Exercise instructions: Among the entries below, the lines from the one with "Philodendron Orange Princess" up to and including the one with "Wasp Exterminator Issaquah - WA" are to be restated exactly, without pictures.

Source information:
# # # # #

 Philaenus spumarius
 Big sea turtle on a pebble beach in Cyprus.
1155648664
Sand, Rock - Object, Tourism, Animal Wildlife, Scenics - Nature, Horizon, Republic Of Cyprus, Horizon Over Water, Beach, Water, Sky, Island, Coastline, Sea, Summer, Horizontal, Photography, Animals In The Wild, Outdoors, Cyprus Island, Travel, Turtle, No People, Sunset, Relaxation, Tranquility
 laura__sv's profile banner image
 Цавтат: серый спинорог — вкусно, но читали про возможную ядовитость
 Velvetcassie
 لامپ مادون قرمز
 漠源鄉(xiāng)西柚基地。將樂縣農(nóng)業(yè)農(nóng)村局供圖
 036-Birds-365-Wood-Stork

# # # # #

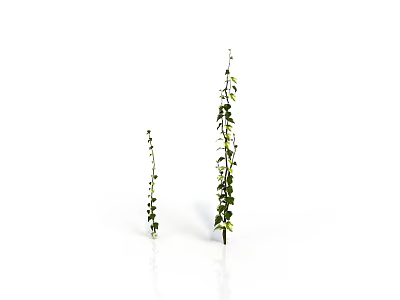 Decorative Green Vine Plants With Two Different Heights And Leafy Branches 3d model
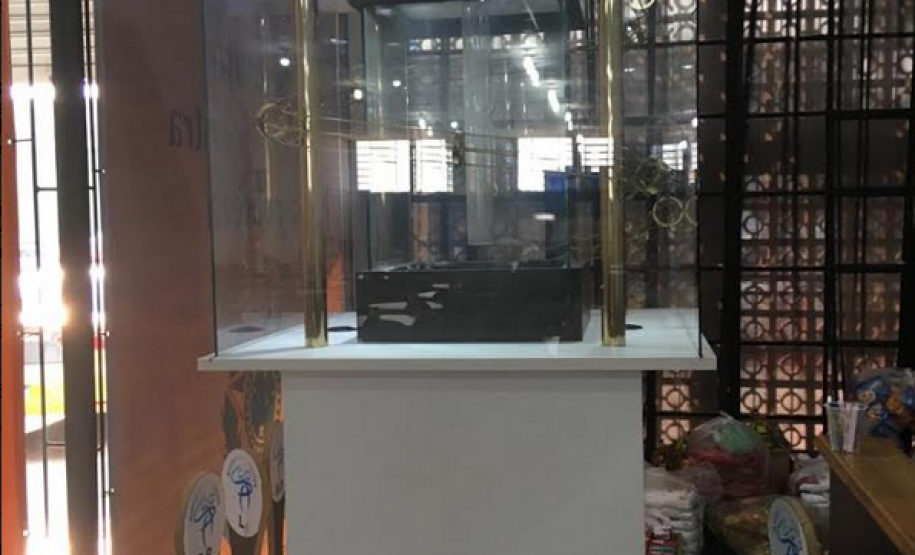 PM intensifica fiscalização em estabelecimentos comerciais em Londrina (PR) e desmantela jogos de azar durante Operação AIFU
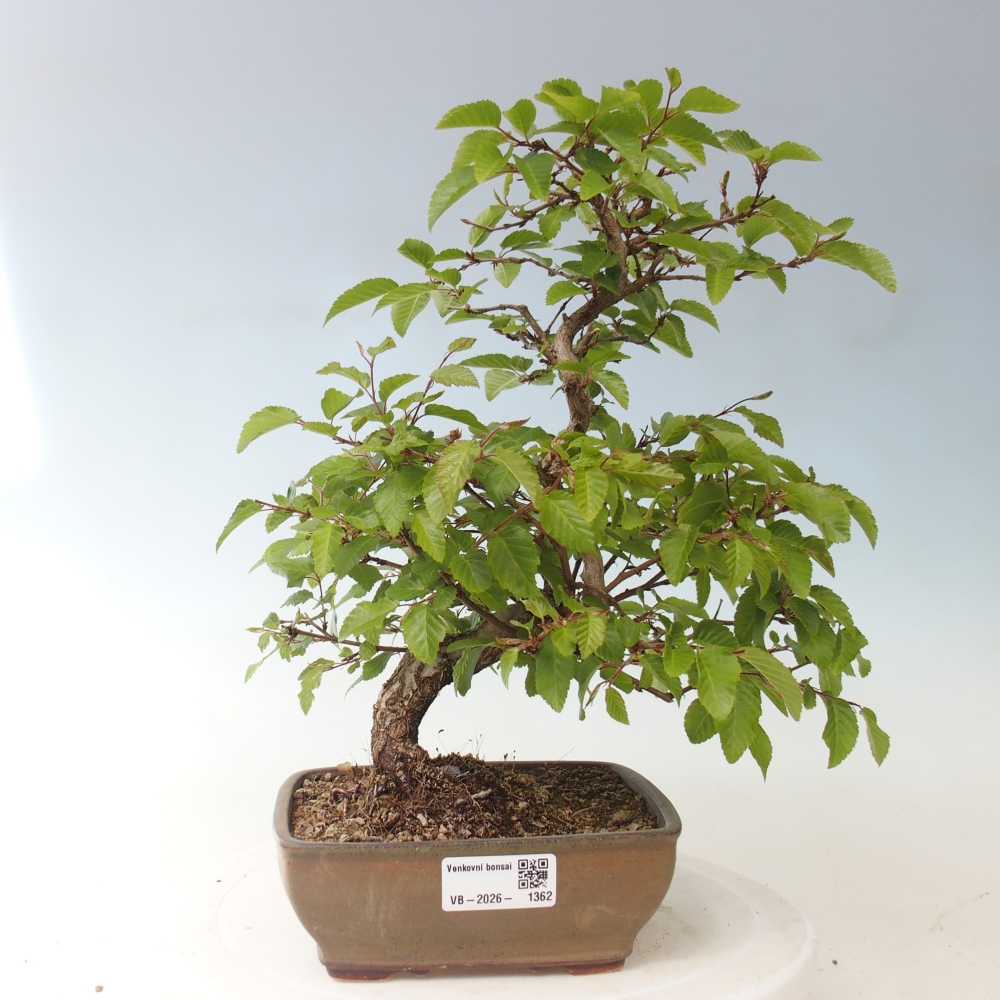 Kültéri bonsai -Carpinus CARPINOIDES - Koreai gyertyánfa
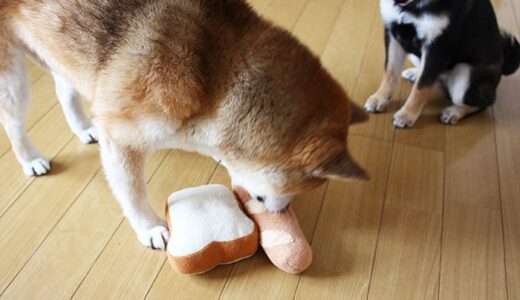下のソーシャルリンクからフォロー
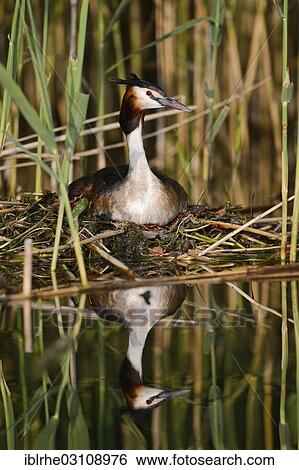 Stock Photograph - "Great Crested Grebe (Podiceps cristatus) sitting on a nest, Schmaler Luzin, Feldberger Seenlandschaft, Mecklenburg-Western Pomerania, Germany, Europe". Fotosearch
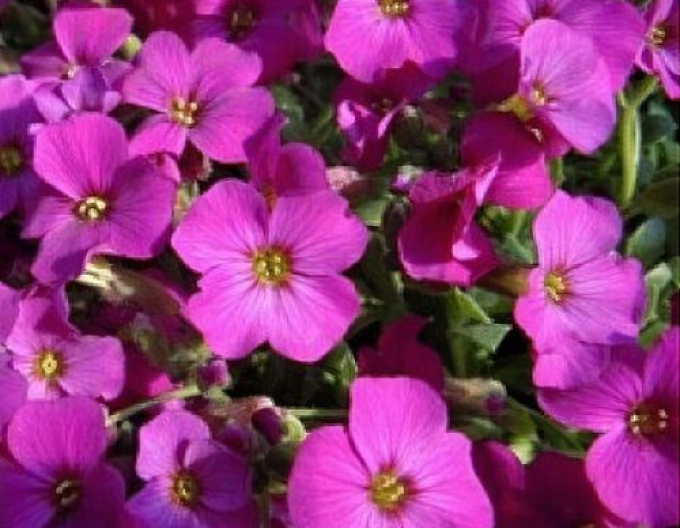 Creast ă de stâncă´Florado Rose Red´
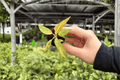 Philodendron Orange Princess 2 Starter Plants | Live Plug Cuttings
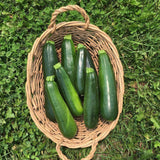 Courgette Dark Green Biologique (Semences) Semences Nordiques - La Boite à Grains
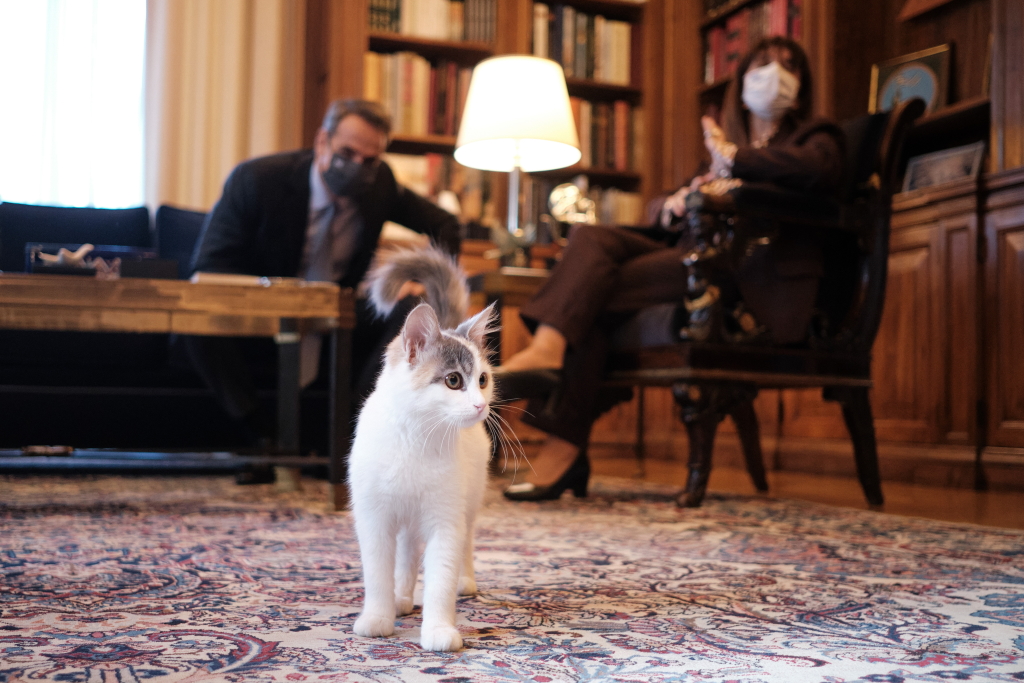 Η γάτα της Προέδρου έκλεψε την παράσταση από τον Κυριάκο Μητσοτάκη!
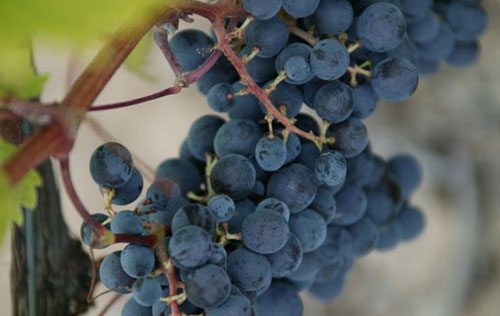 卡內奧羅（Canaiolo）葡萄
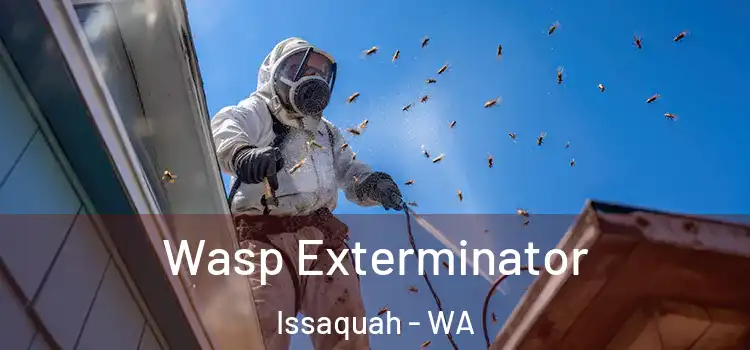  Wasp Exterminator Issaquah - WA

# # # # #

Result for this task:
 Philodendron Orange Princess 2 Starter Plants | Live Plug Cuttings
 Courgette Dark Green Biologique (Semences) Semences Nordiques - La Boite à Grains
 Η γάτα της Προέδρου έκλεψε την παράσταση από τον Κυριάκο Μητσοτάκη!
 卡內奧羅（Canaiolo）葡萄
  Wasp Exterminator Issaquah - WA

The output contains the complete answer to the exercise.